Reputation: 11
When I generate a .pdf file using knitr from within RStudio, single plots exhibit the desired font sizes of axis labels, legend, etc. However, when I use the layout() function to generate multiple sub-plots, these font sizes are reduced. Please see the example code below.
\documentclass[12pt,english,twocolumn]{article}
\begin{document}
<<settings, message=FALSE, echo=FALSE, cache=FALSE>>=
# set tikz default options
opts_chunk$set(
out.width='15cm',
fig.width=5.906, # inch
fig.height=5.906, # inch
dev='tikz',
fig.align='center',
fig.lp='fig:',
fig.env='figure*',
dev.args=list(pointsize=10),
message=FALSE,
echo=FALSE
)
options(tikzDefaultEngine = "pdftex")
@
<<singlePlot, fig.cap="single plot with good font size">>=
par(cex=1)
plot(rnorm(100))
@
<<multiplePlots, fig.cap="multiple plots with fonts being too small">>=
par(cex=1)
layout(matrix(1:9, 3))
for(i in 1:9) plot(rnorm(100))
@
\end{document}
How do I get fonts in the second plot to be of the same size as the ones in the first plot? Thanks!
Upvotes: 0
Views: 165
Reputation: 11
Oh my, I figured it out by myself just 30 seconds after posting the question...

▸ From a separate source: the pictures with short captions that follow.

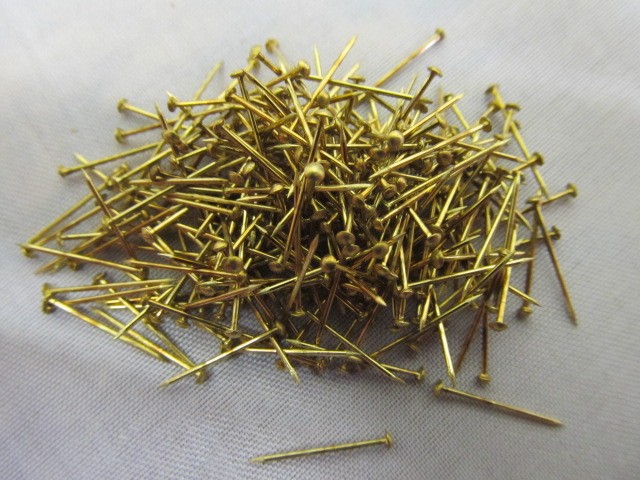 BF0404 15 mm Brass Brads (nails)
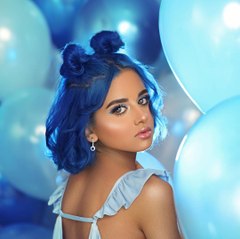 لجين ام رموش في إطلالة تشبه الرجال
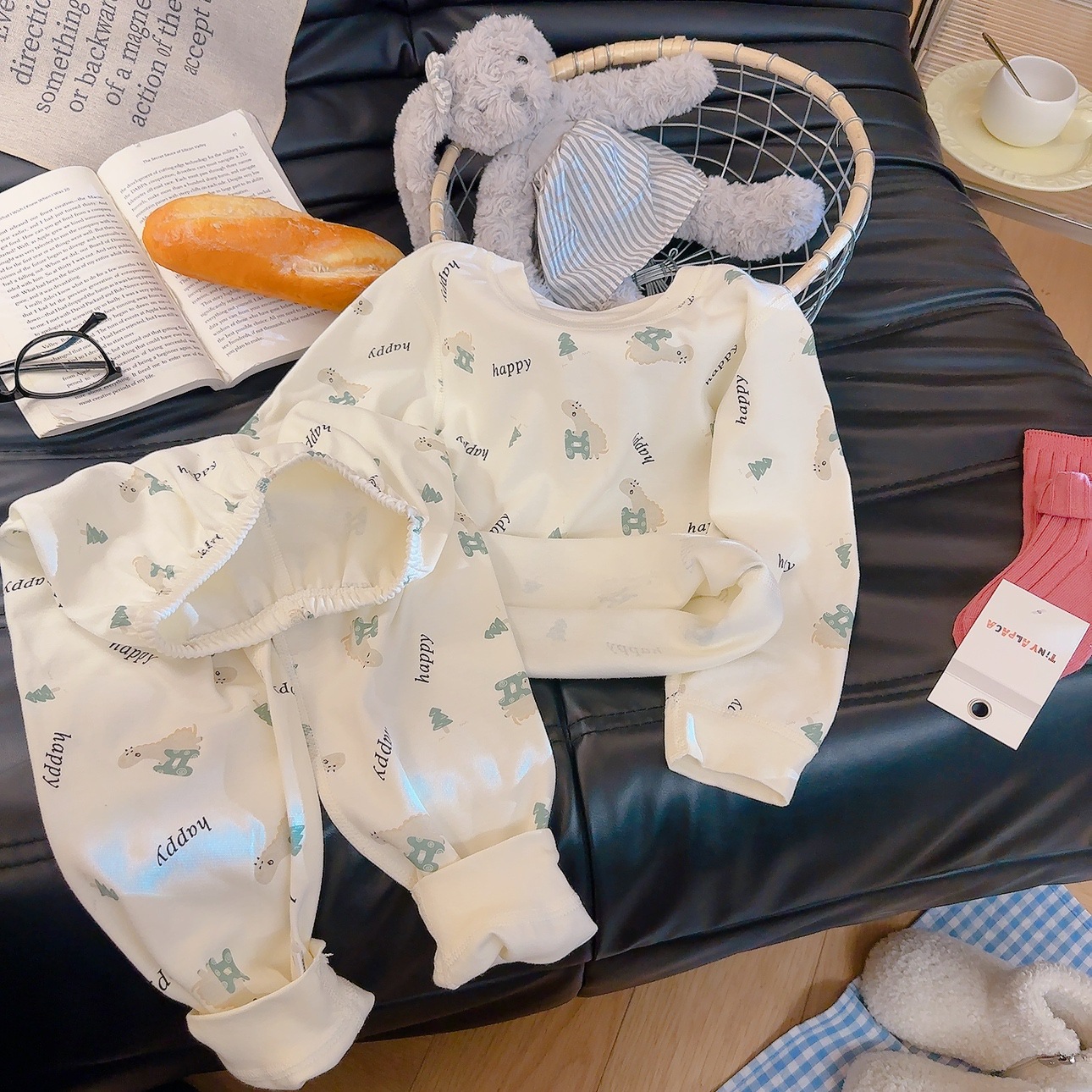 Baja interior de algodón para niños peinado molido chaqueta de otoño para niños y niñas pantalones de otoño impresión pijamas ropa de hogar ropa infantil al por mayor
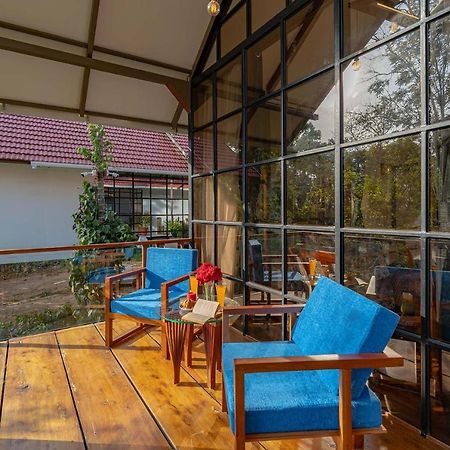 Stayvista At Cicada Chikmagalur 2Bhk Breakfast Included With Amazing View ภายนอก รูปภาพ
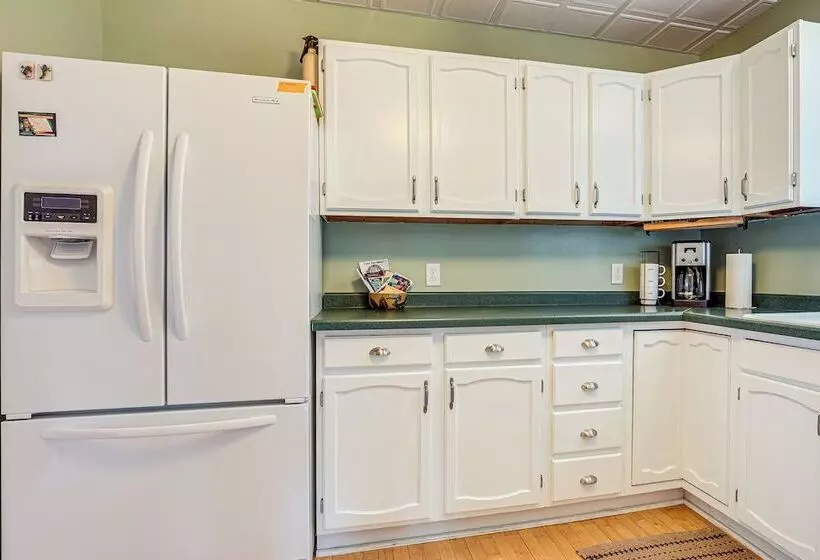 Ontonagon Home W/ Fire Pit   Steps To Beach!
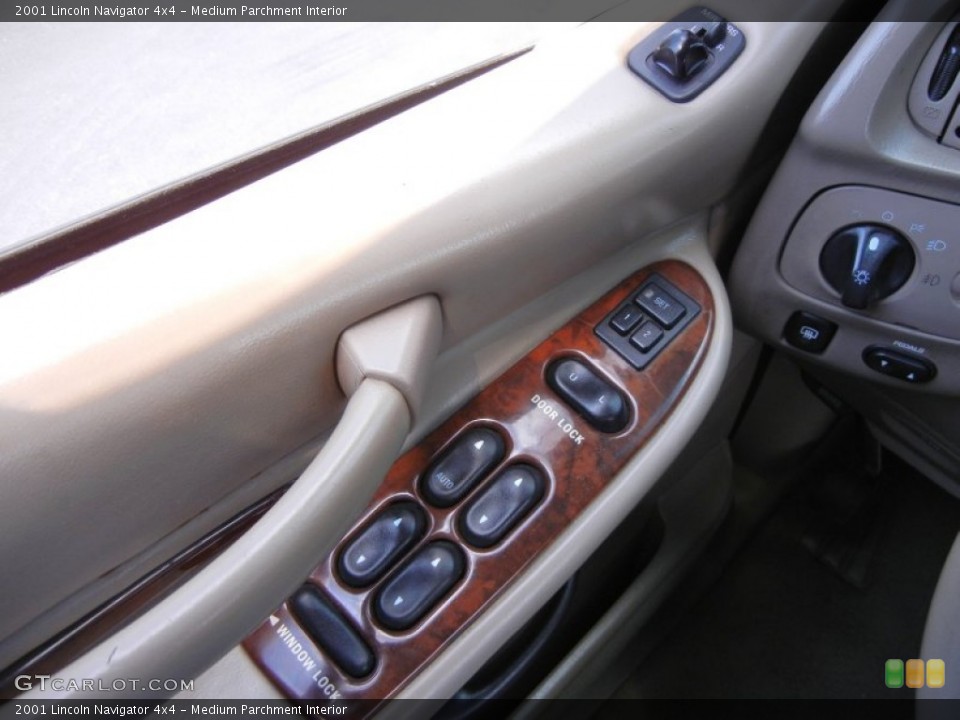 Medium Parchment Interior Controls for the 2001 Lincoln Navigator 4x4 #53959565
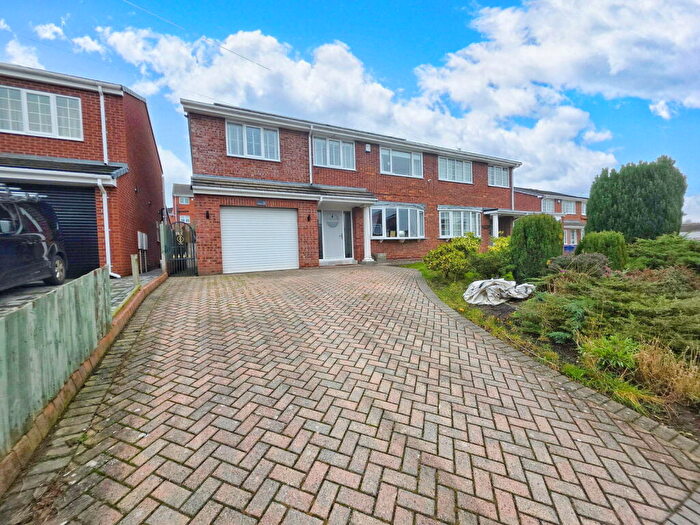 4 Bedroom Semi Detached House For Sale In Howden Close, Darton, Barnsley, S75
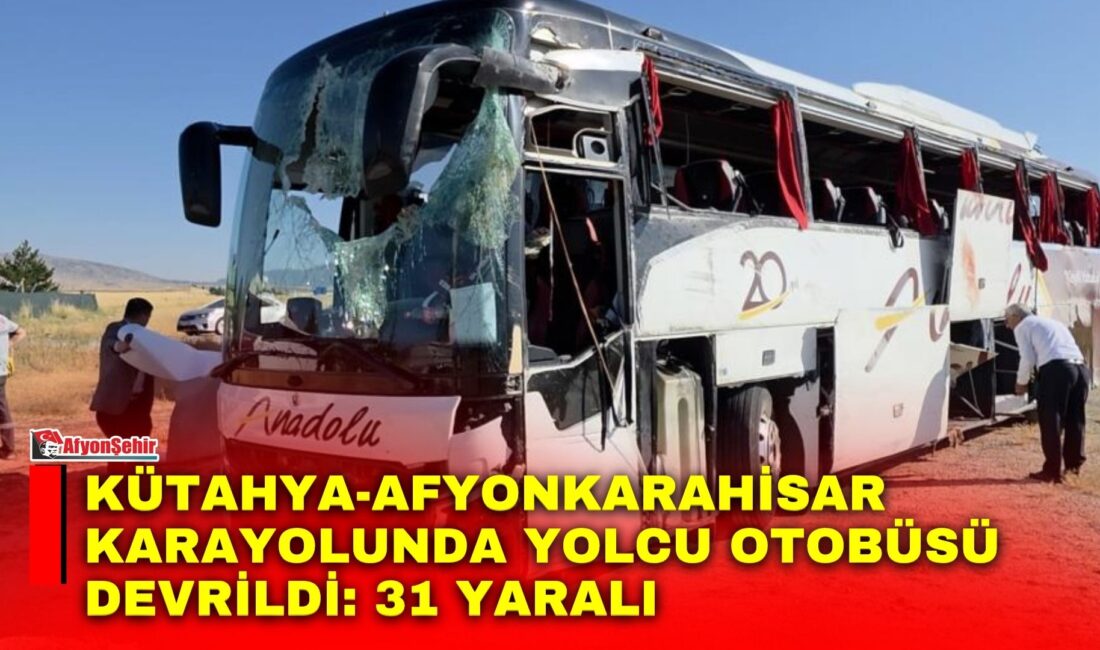 Kütahya-Afyonkarahisar karayolunda meydana gelen trafik kazasında bir yolcu otobüsü bariyerlere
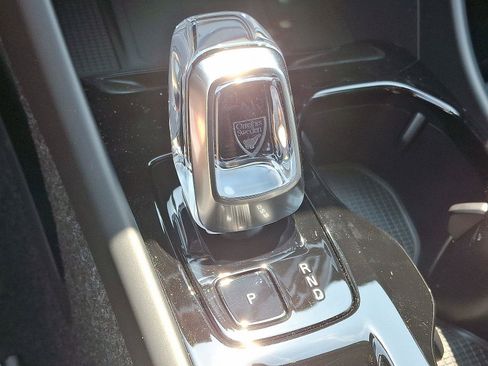 New 2026 Volvo XC40 B5 Ultra w/ Protection Package Premier image 11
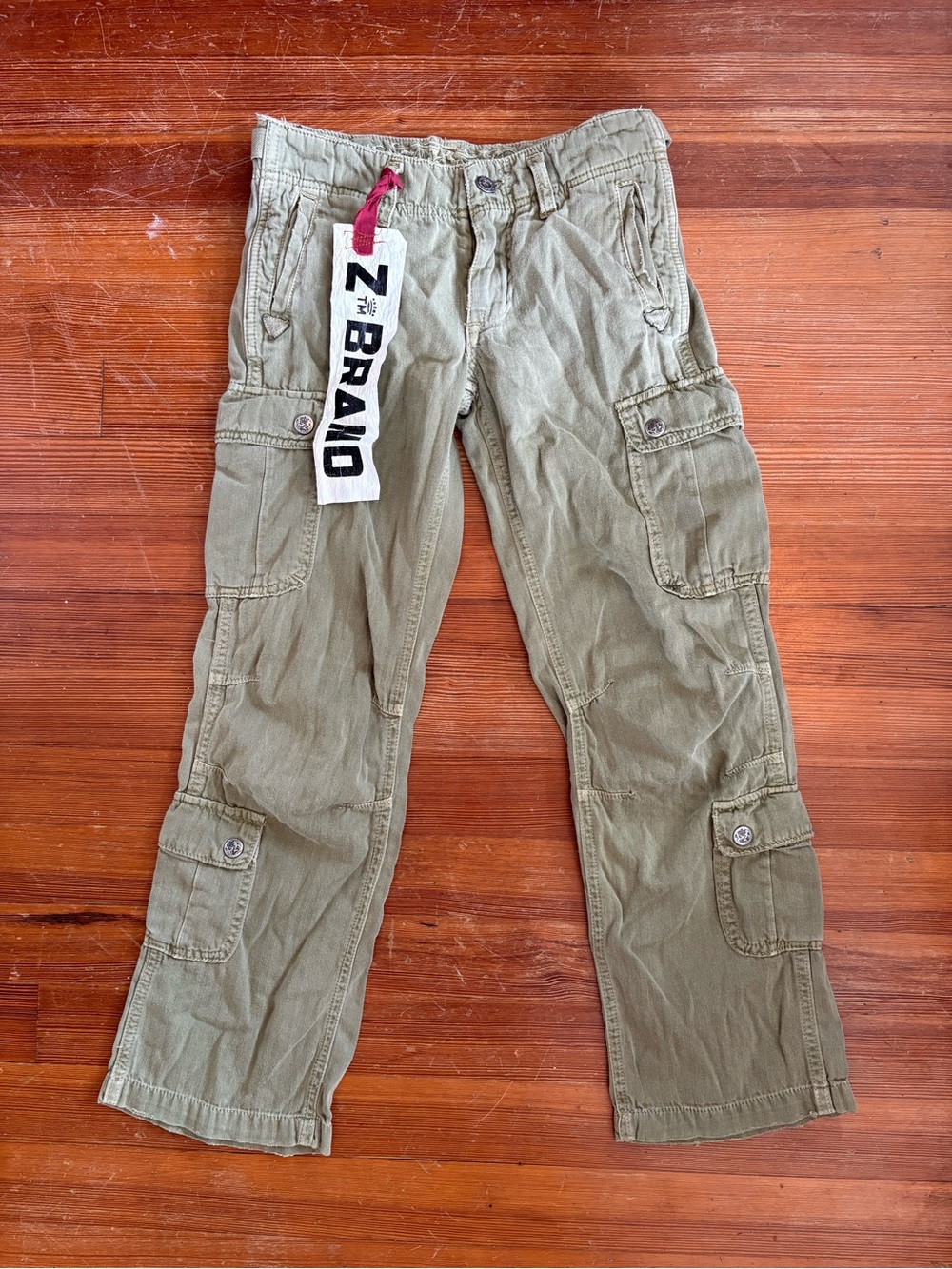 NWT Y2K Capri Cargo Pants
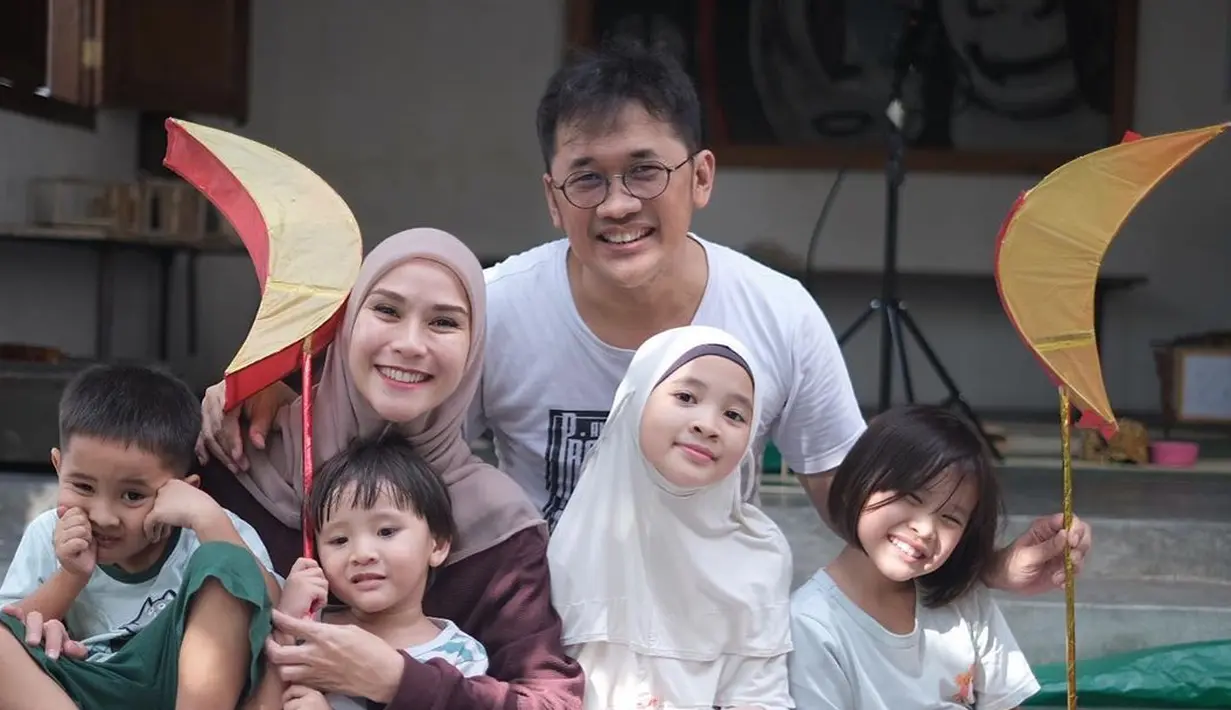 Zaskia Adya Mecca kini tengah menanti kehadiran anak kelimanya bersama Hanung Bramantyo. Baru mengumumkan ke public saat usia kandungannya delapan bulan, tentu banyak yang penasaran juga soal jenis kelaminnya.  (Instagram/zaskiaadyamecca)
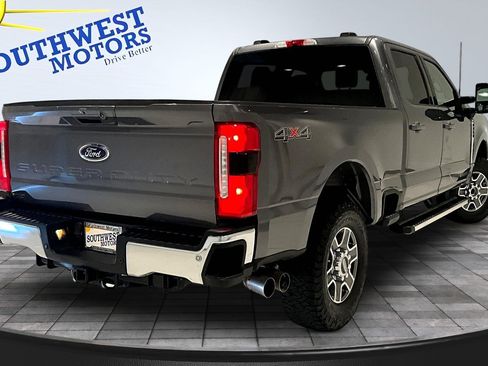 Used 2026 Ford F250 Lariat AWD/4WD image 7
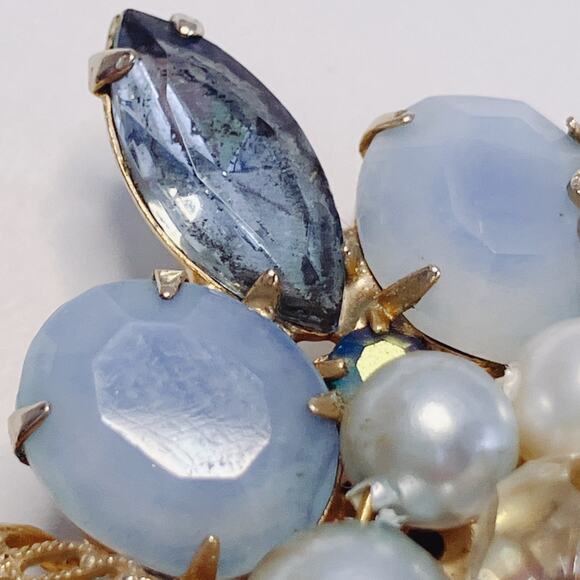 VTG Mid Century Brooch Blue Glass Faux Pearl Rhinestone Cluster Floral Pin 1960s - Picture 6 of 9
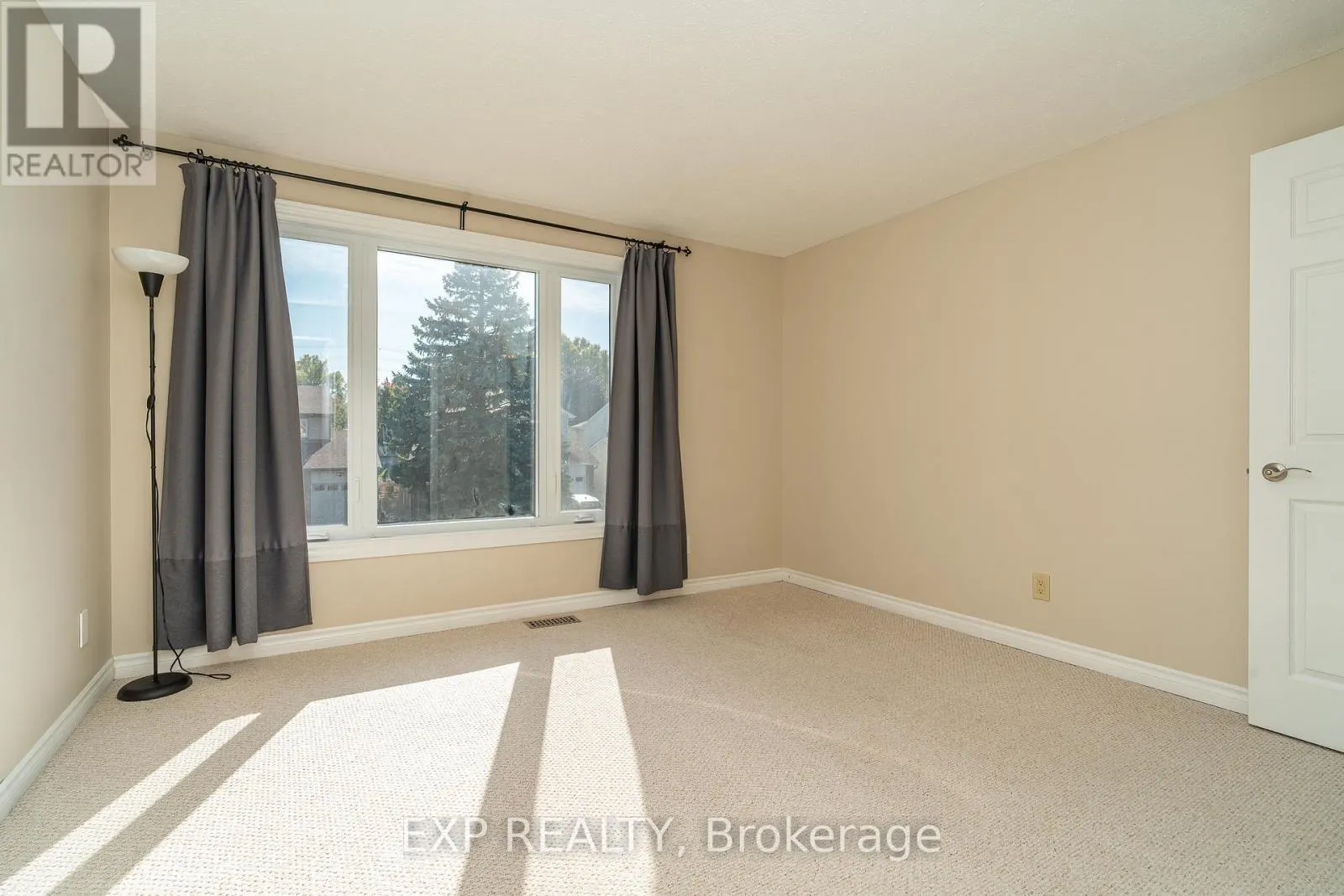 32 MAPLE VIEW CRESCENT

The trick is to reverse the order of layout() and par() in the second plot, like so:
<<multiplePlots, fig.cap="multiple plots with fonts being just right">>=
layout(matrix(1:9, 3))
par(cex=1)
for(i in 1:9) plot(rnorm(100))
@
This works as expected.
So it seems that layout() calls par() internally to set a new (smaller) character expansion value when setting up multiple plots. Thus setting par(cex=1) before layout had no effect. I had not known this, but it makes sense. Sorry for the unneccessary disturbance.